● **Supplied information**
****************
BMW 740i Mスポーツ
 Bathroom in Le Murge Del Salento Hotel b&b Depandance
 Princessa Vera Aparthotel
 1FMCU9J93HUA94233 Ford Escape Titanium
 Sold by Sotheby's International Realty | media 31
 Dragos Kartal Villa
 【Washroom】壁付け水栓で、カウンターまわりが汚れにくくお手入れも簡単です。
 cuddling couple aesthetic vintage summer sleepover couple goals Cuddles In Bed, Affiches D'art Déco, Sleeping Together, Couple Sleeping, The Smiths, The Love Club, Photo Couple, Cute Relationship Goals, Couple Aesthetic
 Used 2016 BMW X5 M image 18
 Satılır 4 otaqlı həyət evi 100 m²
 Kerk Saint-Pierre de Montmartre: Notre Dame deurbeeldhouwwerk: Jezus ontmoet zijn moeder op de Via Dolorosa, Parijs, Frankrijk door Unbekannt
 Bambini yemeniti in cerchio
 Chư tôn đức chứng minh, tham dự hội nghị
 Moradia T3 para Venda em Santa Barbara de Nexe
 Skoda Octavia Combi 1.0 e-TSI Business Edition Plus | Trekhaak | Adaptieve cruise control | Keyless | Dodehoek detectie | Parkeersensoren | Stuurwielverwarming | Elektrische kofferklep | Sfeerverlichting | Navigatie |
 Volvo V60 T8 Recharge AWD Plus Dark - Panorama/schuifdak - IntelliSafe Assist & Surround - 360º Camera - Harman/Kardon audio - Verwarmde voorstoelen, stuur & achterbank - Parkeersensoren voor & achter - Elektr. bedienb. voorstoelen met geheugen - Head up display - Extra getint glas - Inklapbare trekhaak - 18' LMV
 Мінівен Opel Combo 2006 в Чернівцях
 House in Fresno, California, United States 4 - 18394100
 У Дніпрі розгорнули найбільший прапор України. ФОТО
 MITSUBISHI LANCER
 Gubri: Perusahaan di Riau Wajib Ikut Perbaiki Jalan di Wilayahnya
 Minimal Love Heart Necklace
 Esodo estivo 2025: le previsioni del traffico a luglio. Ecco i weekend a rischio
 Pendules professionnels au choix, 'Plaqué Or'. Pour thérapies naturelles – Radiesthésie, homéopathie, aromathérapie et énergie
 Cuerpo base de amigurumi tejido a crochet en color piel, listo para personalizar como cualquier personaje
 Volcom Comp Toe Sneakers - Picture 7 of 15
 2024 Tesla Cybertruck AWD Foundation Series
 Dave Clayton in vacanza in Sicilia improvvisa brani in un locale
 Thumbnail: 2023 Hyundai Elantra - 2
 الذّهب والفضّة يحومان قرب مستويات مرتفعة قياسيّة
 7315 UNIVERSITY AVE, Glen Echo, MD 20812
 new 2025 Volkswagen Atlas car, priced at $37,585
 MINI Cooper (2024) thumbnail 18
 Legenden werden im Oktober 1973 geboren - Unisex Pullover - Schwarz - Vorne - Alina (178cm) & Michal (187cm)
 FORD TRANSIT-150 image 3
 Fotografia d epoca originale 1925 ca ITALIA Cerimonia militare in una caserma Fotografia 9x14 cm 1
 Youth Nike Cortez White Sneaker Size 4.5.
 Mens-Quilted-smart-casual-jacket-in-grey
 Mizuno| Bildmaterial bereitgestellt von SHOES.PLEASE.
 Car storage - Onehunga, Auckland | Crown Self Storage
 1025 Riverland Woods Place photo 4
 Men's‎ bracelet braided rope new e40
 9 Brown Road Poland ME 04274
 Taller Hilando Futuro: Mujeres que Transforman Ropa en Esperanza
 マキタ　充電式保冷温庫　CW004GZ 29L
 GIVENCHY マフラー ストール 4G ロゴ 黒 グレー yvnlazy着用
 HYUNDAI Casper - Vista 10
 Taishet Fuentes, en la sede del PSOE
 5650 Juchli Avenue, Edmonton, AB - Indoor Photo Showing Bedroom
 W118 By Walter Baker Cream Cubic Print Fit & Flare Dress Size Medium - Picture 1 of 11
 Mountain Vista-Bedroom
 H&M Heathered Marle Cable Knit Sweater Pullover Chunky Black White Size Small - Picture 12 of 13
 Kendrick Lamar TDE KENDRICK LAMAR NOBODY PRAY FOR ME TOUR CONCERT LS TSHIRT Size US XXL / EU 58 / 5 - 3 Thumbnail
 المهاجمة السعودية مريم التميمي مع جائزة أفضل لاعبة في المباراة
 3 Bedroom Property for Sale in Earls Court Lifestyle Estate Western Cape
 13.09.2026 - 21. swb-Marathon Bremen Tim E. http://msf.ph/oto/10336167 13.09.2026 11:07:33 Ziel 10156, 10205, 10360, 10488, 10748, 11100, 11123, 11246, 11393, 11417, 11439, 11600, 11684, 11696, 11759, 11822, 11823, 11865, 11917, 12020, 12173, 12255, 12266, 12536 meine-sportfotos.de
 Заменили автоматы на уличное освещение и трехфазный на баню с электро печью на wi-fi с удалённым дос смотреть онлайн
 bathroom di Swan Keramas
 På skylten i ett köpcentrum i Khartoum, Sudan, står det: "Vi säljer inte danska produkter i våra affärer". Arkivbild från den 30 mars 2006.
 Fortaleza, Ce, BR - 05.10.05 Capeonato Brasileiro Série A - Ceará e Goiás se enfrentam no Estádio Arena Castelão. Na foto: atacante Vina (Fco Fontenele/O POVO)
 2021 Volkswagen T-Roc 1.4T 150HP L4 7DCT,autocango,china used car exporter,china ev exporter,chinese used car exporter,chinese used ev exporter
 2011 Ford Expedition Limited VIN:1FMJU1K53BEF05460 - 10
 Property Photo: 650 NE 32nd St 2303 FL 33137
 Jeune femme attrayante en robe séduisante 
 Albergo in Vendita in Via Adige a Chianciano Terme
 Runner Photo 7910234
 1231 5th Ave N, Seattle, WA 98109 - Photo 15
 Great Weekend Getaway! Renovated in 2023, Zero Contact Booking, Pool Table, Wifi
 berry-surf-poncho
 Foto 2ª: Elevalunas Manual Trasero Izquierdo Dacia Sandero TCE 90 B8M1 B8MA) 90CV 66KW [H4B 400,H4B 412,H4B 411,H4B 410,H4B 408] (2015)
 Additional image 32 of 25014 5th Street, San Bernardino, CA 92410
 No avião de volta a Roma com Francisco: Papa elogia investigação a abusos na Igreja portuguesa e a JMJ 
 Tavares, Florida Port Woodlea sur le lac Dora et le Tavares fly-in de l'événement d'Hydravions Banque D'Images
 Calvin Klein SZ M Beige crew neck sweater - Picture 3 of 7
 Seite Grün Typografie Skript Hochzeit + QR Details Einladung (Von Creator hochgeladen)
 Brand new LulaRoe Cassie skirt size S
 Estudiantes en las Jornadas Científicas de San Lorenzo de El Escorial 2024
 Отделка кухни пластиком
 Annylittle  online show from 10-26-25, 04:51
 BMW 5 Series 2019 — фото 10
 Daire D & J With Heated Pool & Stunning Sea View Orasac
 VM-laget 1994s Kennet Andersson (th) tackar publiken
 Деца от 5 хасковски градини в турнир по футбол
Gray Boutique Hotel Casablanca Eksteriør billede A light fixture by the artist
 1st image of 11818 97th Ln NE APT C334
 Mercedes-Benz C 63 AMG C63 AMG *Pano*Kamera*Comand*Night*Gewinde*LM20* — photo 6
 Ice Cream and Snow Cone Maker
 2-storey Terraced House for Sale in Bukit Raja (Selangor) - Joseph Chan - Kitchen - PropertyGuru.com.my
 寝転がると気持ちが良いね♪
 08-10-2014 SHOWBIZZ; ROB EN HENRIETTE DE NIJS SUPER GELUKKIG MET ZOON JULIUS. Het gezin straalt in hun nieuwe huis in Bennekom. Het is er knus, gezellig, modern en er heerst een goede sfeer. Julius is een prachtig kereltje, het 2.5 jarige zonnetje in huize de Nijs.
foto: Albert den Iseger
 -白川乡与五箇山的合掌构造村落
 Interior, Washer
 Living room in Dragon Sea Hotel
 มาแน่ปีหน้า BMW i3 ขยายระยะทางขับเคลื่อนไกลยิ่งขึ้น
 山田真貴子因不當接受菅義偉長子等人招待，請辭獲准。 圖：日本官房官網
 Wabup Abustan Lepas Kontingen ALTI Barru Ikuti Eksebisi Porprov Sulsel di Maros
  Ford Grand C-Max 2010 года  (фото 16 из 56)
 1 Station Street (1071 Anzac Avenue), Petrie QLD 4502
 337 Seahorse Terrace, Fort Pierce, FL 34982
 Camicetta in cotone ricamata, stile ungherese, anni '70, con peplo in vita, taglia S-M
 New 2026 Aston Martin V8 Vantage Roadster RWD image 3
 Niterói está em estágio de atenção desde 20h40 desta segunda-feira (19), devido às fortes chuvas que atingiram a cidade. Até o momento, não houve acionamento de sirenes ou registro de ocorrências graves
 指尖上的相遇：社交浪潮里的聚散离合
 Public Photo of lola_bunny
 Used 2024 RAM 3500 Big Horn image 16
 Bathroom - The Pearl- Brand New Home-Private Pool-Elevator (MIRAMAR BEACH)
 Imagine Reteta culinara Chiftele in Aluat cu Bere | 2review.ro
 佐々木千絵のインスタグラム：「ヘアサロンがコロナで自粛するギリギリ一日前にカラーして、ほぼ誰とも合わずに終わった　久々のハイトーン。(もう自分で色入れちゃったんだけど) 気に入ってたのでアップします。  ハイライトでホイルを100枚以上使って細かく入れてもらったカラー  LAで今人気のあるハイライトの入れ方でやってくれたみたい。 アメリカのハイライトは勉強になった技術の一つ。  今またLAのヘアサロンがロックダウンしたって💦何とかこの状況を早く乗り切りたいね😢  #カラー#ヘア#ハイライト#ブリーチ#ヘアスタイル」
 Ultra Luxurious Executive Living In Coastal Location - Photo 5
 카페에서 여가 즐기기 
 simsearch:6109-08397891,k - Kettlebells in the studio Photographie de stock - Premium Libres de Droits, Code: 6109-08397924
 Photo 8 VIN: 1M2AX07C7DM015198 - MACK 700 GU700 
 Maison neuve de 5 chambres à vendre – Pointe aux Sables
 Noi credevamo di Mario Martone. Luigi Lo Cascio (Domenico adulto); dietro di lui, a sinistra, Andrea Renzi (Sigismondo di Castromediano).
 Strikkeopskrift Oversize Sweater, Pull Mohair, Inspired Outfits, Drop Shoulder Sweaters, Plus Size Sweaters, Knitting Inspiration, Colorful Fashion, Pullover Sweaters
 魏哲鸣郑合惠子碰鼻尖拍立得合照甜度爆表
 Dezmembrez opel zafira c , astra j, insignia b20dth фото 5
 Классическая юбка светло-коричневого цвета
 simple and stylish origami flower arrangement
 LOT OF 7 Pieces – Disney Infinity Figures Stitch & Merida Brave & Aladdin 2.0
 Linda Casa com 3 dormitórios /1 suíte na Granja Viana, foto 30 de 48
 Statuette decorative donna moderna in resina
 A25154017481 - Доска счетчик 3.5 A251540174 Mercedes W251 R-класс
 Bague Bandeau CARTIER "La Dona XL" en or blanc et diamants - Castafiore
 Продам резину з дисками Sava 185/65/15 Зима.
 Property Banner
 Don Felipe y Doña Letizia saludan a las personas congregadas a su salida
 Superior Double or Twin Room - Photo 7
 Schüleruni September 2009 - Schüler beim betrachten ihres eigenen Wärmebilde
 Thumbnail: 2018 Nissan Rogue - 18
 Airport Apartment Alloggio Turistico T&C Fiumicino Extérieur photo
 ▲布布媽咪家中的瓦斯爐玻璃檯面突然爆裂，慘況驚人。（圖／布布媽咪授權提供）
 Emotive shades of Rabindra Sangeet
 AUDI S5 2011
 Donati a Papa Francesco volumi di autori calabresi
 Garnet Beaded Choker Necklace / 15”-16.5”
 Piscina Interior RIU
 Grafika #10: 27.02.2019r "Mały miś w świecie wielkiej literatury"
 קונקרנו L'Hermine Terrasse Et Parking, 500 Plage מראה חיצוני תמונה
****************
● **Exercise prompt**
Look above for the line with "Taishet Fuentes, en la sede del PSOE"; retype exactly that line, every line after it up to the line with "Tavares, Florida Port", and that line too, nothing else.

● **Answer to this exercise**
 Taishet Fuentes, en la sede del PSOE
 5650 Juchli Avenue, Edmonton, AB - Indoor Photo Showing Bedroom
 W118 By Walter Baker Cream Cubic Print Fit & Flare Dress Size Medium - Picture 1 of 11
 Mountain Vista-Bedroom
 H&M Heathered Marle Cable Knit Sweater Pullover Chunky Black White Size Small - Picture 12 of 13
 Kendrick Lamar TDE KENDRICK LAMAR NOBODY PRAY FOR ME TOUR CONCERT LS TSHIRT Size US XXL / EU 58 / 5 - 3 Thumbnail
 المهاجمة السعودية مريم التميمي مع جائزة أفضل لاعبة في المباراة
 3 Bedroom Property for Sale in Earls Court Lifestyle Estate Western Cape
 13.09.2026 - 21. swb-Marathon Bremen Tim E. http://msf.ph/oto/10336167 13.09.2026 11:07:33 Ziel 10156, 10205, 10360, 10488, 10748, 11100, 11123, 11246, 11393, 11417, 11439, 11600, 11684, 11696, 11759, 11822, 11823, 11865, 11917, 12020, 12173, 12255, 12266, 12536 meine-sportfotos.de
 Заменили автоматы на уличное освещение и трехфазный на баню с электро печью на wi-fi с удалённым дос смотреть онлайн
 bathroom di Swan Keramas
 På skylten i ett köpcentrum i Khartoum, Sudan, står det: "Vi säljer inte danska produkter i våra affärer". Arkivbild från den 30 mars 2006.
 Fortaleza, Ce, BR - 05.10.05 Capeonato Brasileiro Série A - Ceará e Goiás se enfrentam no Estádio Arena Castelão. Na foto: atacante Vina (Fco Fontenele/O POVO)
 2021 Volkswagen T-Roc 1.4T 150HP L4 7DCT,autocango,china used car exporter,china ev exporter,chinese used car exporter,chinese used ev exporter
 2011 Ford Expedition Limited VIN:1FMJU1K53BEF05460 - 10
 Property Photo: 650 NE 32nd St 2303 FL 33137
 Jeune femme attrayante en robe séduisante 
 Albergo in Vendita in Via Adige a Chianciano Terme
 Runner Photo 7910234
 1231 5th Ave N, Seattle, WA 98109 - Photo 15
 Great Weekend Getaway! Renovated in 2023, Zero Contact Booking, Pool Table, Wifi
 berry-surf-poncho
 Foto 2ª: Elevalunas Manual Trasero Izquierdo Dacia Sandero TCE 90 B8M1 B8MA) 90CV 66KW [H4B 400,H4B 412,H4B 411,H4B 410,H4B 408] (2015)
 Additional image 32 of 25014 5th Street, San Bernardino, CA 92410
 No avião de volta a Roma com Francisco: Papa elogia investigação a abusos na Igreja portuguesa e a JMJ 
 Tavares, Florida Port Woodlea sur le lac Dora et le Tavares fly-in de l'événement d'Hydravions Banque D'Images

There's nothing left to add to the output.